Fantastic Beasts: The Crimes of Grindelwald

I finally made it back out of the house to see a movie. I wish I’d enjoyed the movie more.

Fantastic Crimes of Beastly Grindelwald or Something Like That suffers from some altogether too common pop-cinema ailments. Unmotivated action, Flanderization, and tokenism top my list, but I should also point out that it felt long and by the end I didn’t really care what happened to key characters, and those are more likely to dampen the spirits of movie-goers.

Unmotivated action is pretty easy to understand. It’s when you don’t think a character would do a thing, and the story never gets around to explaining why the character did the thing.

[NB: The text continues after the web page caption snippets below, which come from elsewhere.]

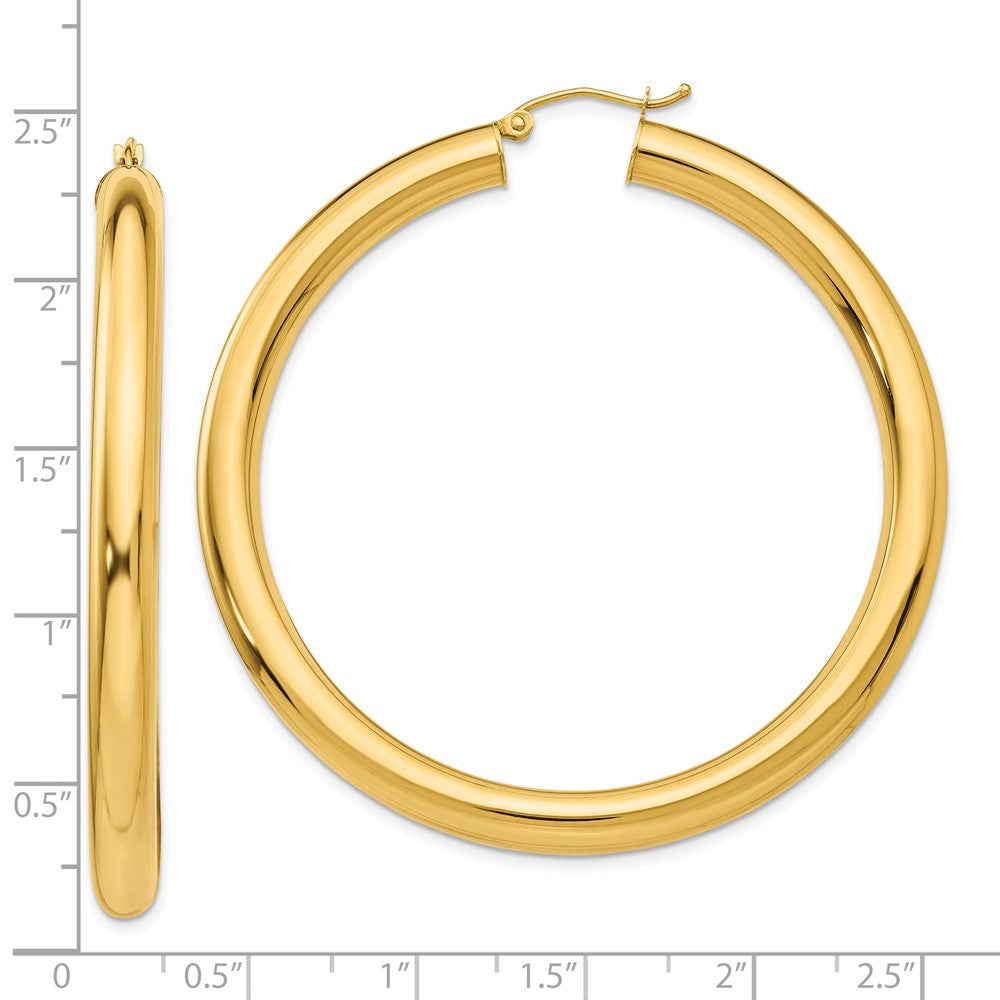 10k Yellow Gold 5 mm Lightweight Hoop Earrings (7.17 grams)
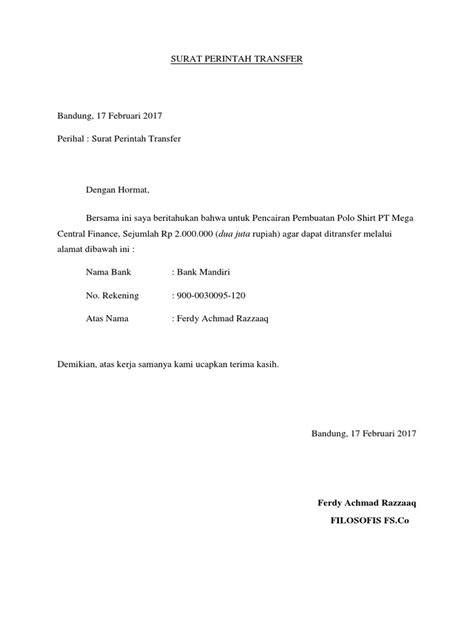 Contoh Surat Perintah Transfer Individu
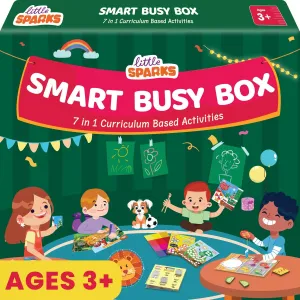 Montessori Based Busy Box for 3,4,5 Years Old Boys and Girls I 7in1 Preschool Learning Activity Kit for Toddlers 3-6 I for Kids I Educational Toy I Vocabulary, Fine Motor&Scissor Skills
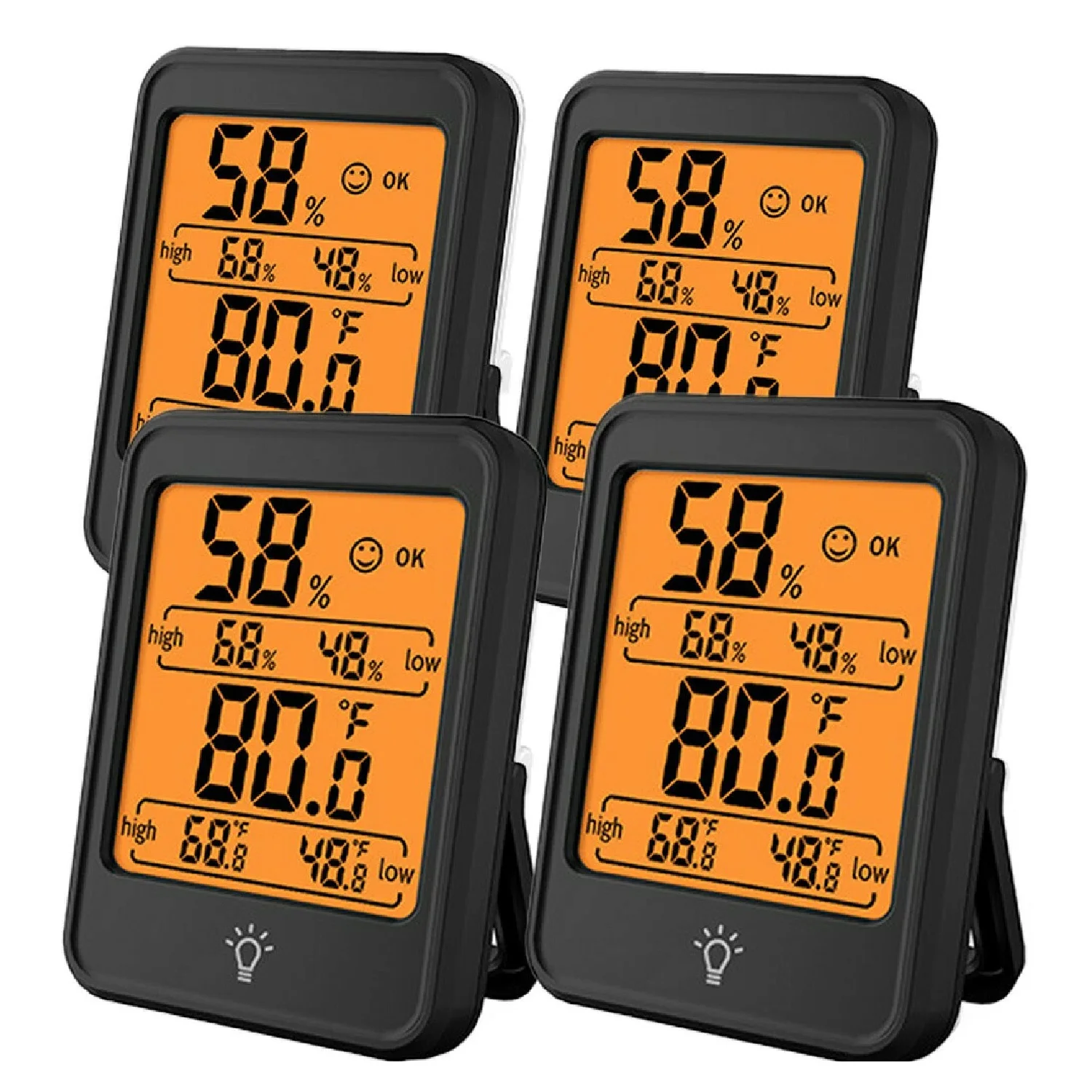 Indoor Thermometer Humidity Meter with Backlight, Room Thermometer Digital Hygrometer Indoor Humidity Sensor with Temperature Hu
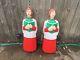 Rare Canada Pair Of Christmas Choir Caroler Girls Books Blow Mold Yard Decor 40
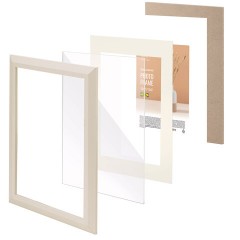 Рамка 21х30 см с паспарту 13х18 см, небьющаяся, аналог IKEA, багет 26 мм, МДФ, BRAUBERG "Zool", цвет слоновая кость, 391376 Рамка 21х30 см с паспарту 13х18 см, небьющаяся, аналог IKEA, багет 26 мм, МДФ, BRAUBERG "Zool", цвет слоновая кость, 391376 - фото 5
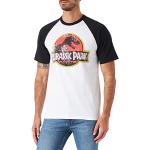 Jurassic Park Logotipo Envejecido Camiseta, Blanco (Blanco/Negro Wbl), XL para Hombre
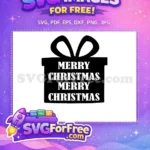 Free Christmas Gift Free Black Bow Merry Christmas Free SVG - Instant Download
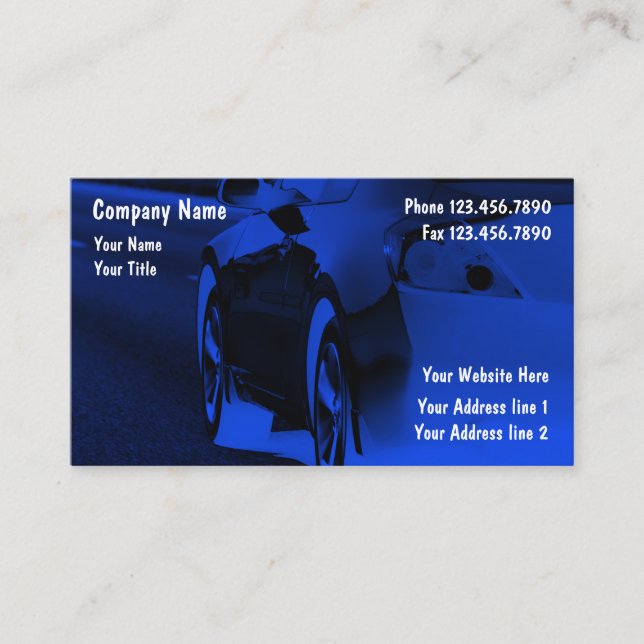 Einzigartiges modernes Automobil Visitenkarte (Vorderseite)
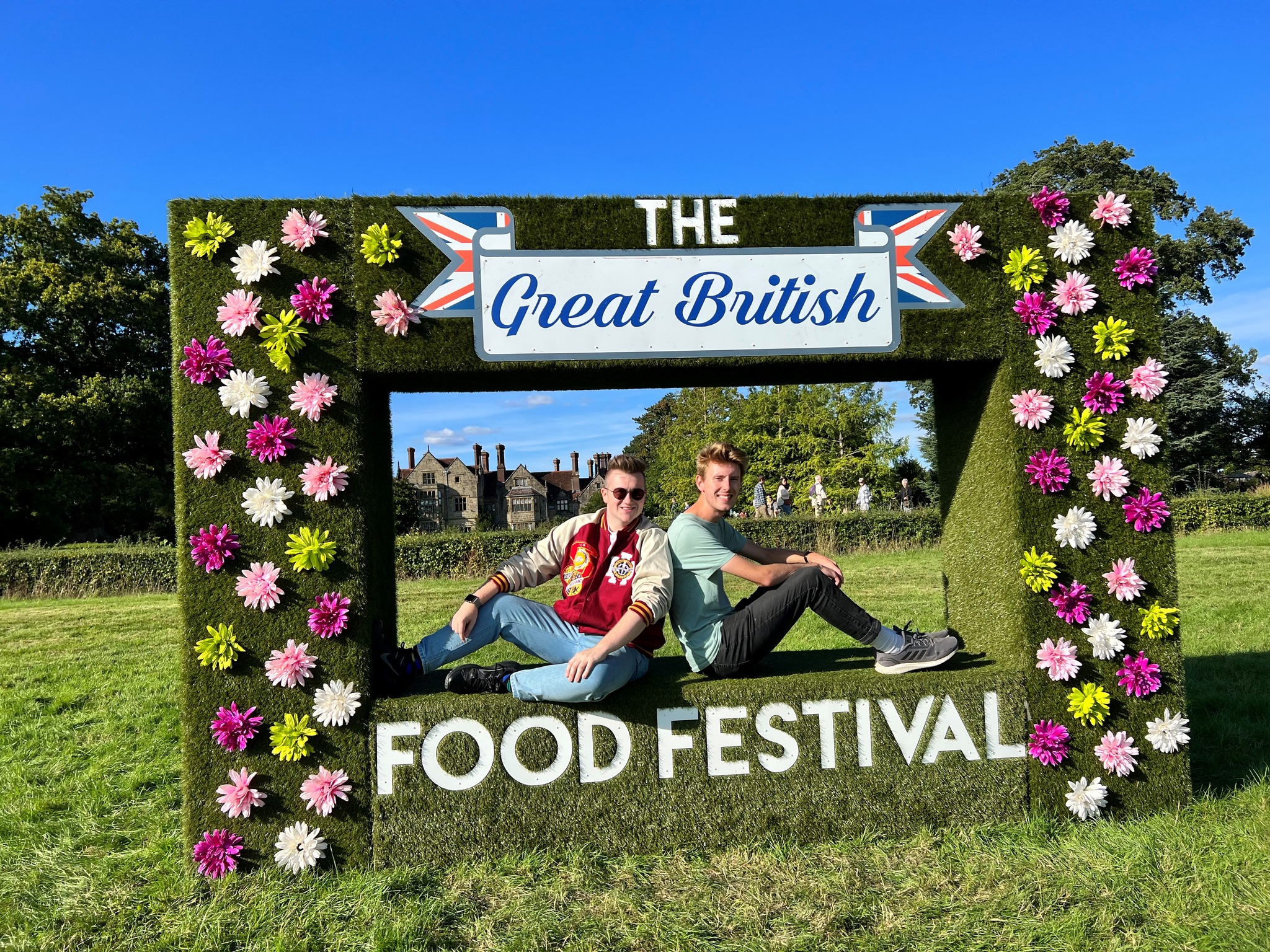 Two Man sat in a Picture frame for The Great British Food Festival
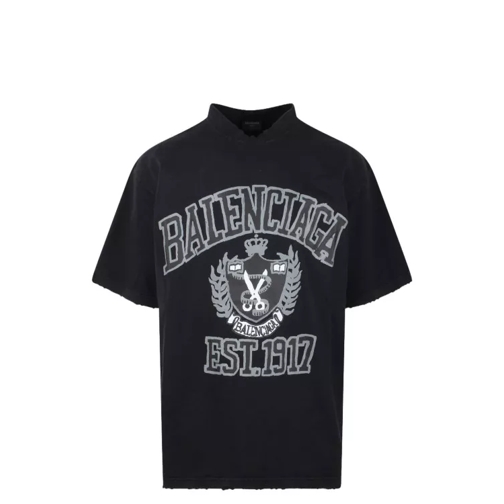 Balenciaga Medium Fit College Logo T-Shirt Black 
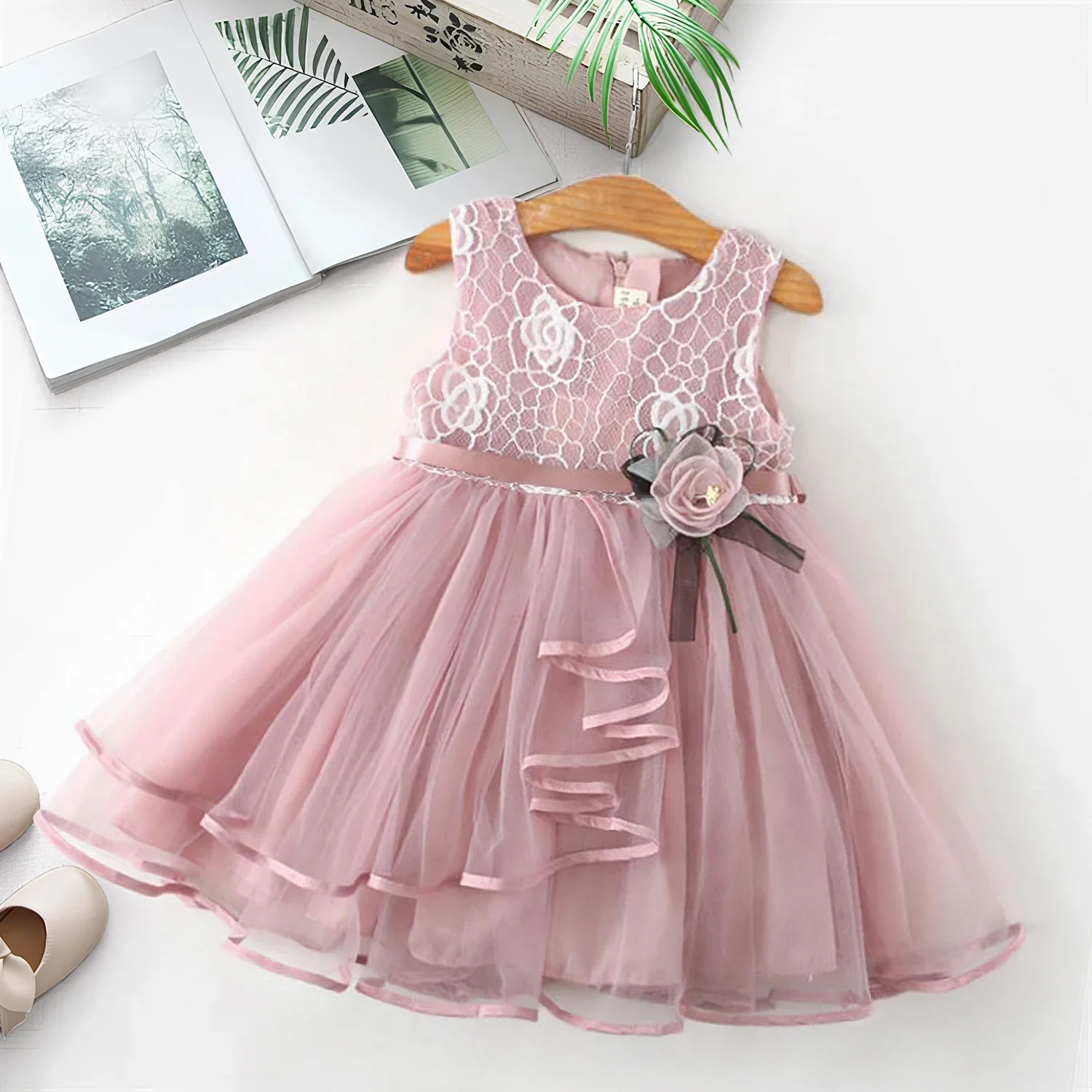 Summer Baby Girls Clothes Flower Kids Dresses for Girls Floral Lace Fluffy Princess Dress Child Pageant Birthday Party Vestidos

Flanderization is when a character in a series begins as a well-rounded, interesting person with quirks, but as the series progresses they are defined only by their quirks. It gets its name from Ned Flanders of Simpsons fame. Fantastic Beast’s Queenie Goldstein captivated us in the first film with her mind-reading, her smarts, her cooking, her effortless beauty, her kindness, and yes, being a little ditzy. This film mostly just gave us ditzy. It was pretty disappointing.

Tokenism is when a demographic is represented by only one character in the film, and it’s made worse when that character falls into one or more negative stereotypes. The only Asian woman in the film, Nagini, played by Claudia Kim (you may remember her as Doctor Helen Cho from Age of Ultron) happens to be cursed to turn into a giant serpent. Because serpent-ness is an Asian thing?

The good news is that everyone on screen did brilliantly with what they were given. Even when they weren’t given very much, they acted it to the nines, and did everything they could to make it work.

Fantastic Beasts: The Crimes of Grindelwald doesn’t quite fall past my Threshold of Disappointment because I wasn’t expecting much. It doesn’t clear my Threshold of Awesome, however, which leaves it in far too ordinary a place for something with “fantastic” right in the title.